*Instructions for the task*
In your copy, leave out the pictures and output only the lines from the one holding "Stammes- Zendoodle Entwurf 6 Leinwanddruck" through the end of the data below, exactly.

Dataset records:
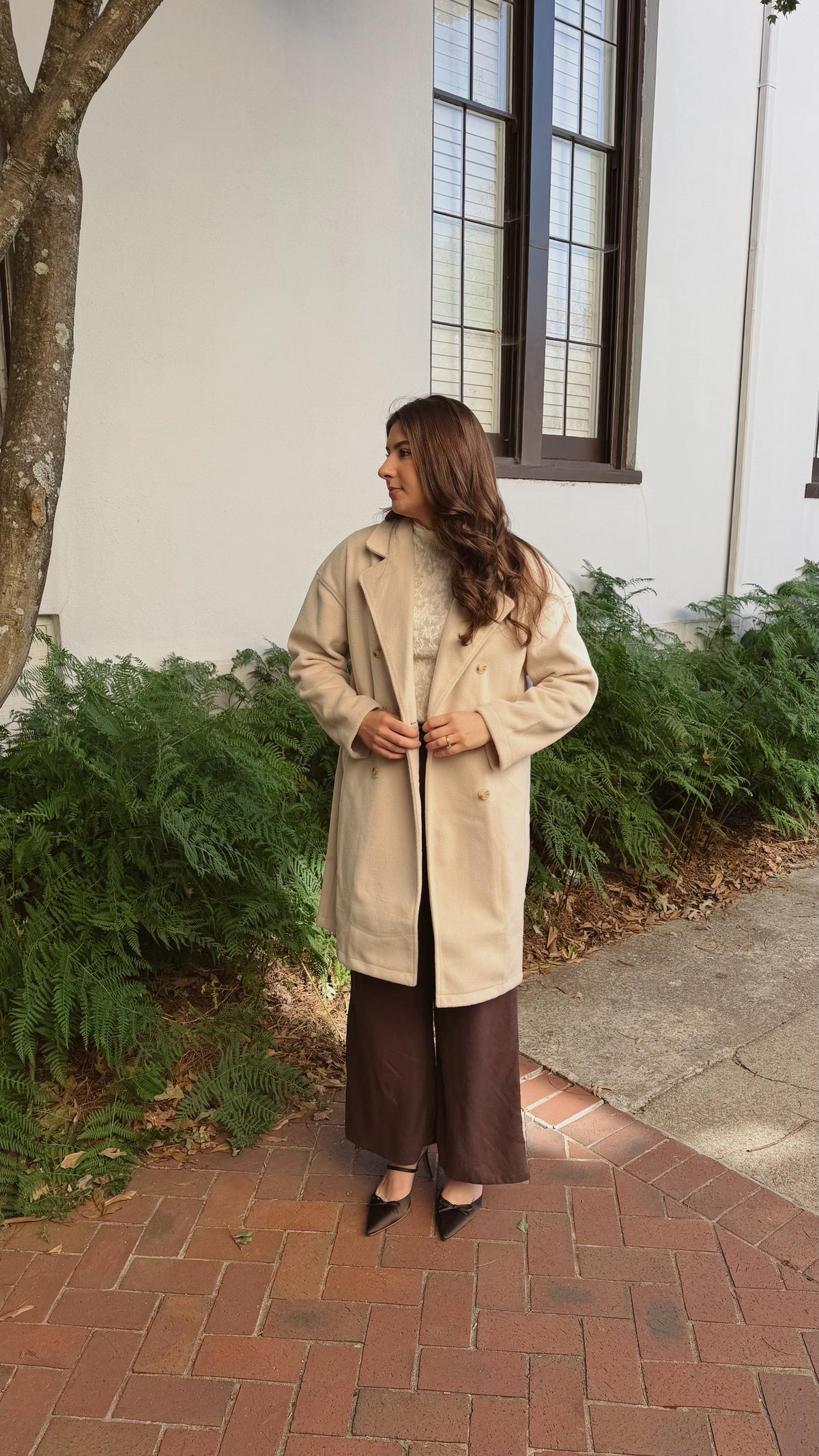 Dianne Double Breasted Dolman Sleeve Coat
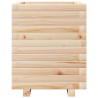 Jardinera madera maciza de pino 40x40x49.5 cm 5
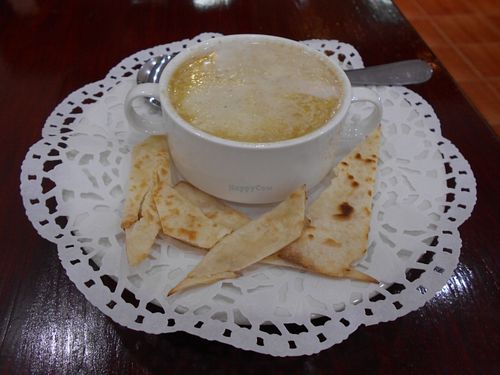 Broccoli soup at Papa's Kitchen in Pattaya
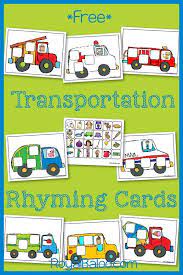 Almost every book that we read very subscribe to our weekly newsletter and receive a free kids activities. Transportation Rhyming Cards Royal Baloo Transportation Theme Preschool Transportation Preschool Activities Transportation Preschool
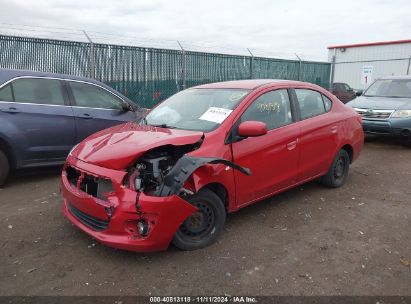 2018 MITSUBISHI MIRAGE G4 ES Red  Gasoline ML32F3FJ8JHF12204 photo #3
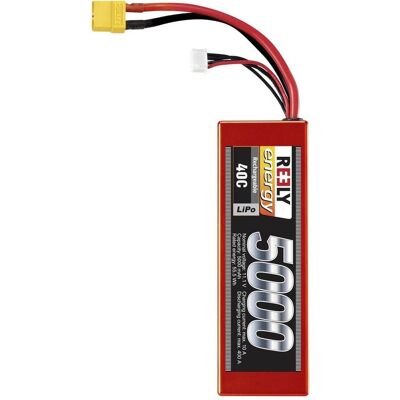 Reely XT90 RC Akku - 11,1V 5000mAh, 3S, Hartschale Reely XT90 RC Akku - 11,1V 5000mAh, 3S, Hartschale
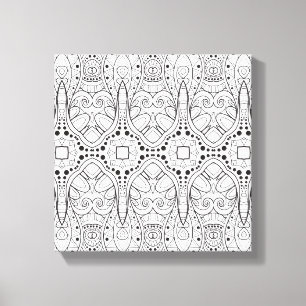 Stammes- Zendoodle Entwurf 6 Leinwanddruck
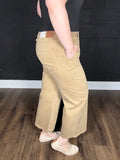 Judy Blue Golden Brown Wide Leg Ankle Pant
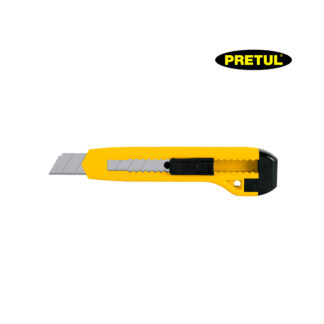 Cutter 18 mm plástico PRETUL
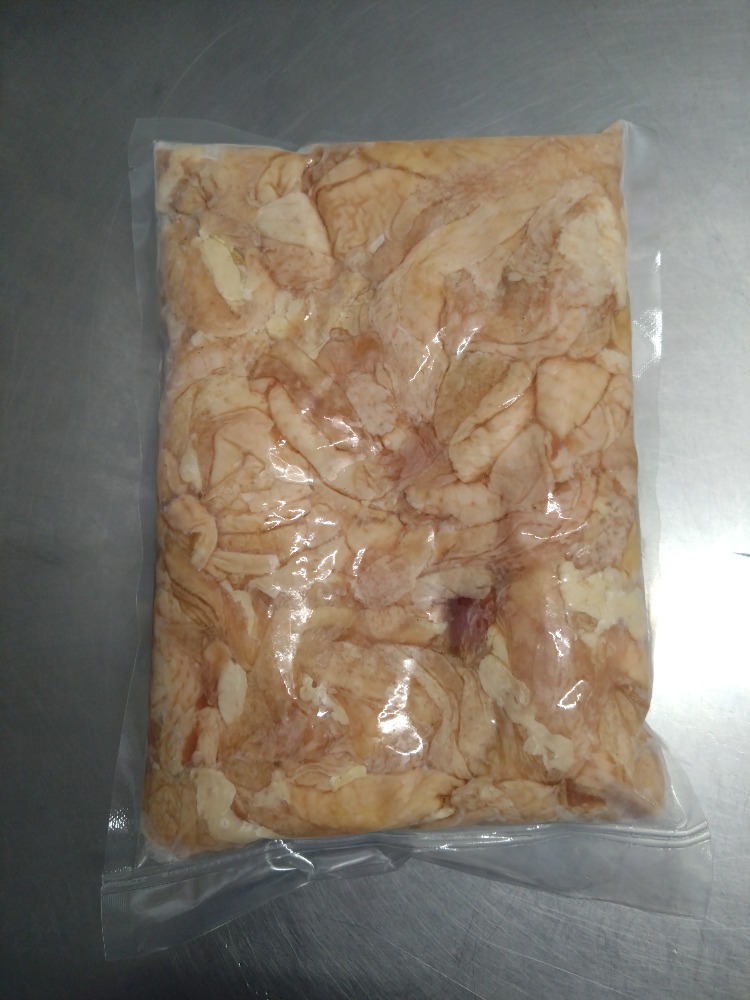 揚げるだけ！国産とり皮唐揚用粉付カット　2kg/袋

*Your response*
 Stammes- Zendoodle Entwurf 6 Leinwanddruck
 Judy Blue Golden Brown Wide Leg Ankle Pant
 Cutter 18 mm plástico PRETUL
 揚げるだけ！国産とり皮唐揚用粉付カット　2kg/袋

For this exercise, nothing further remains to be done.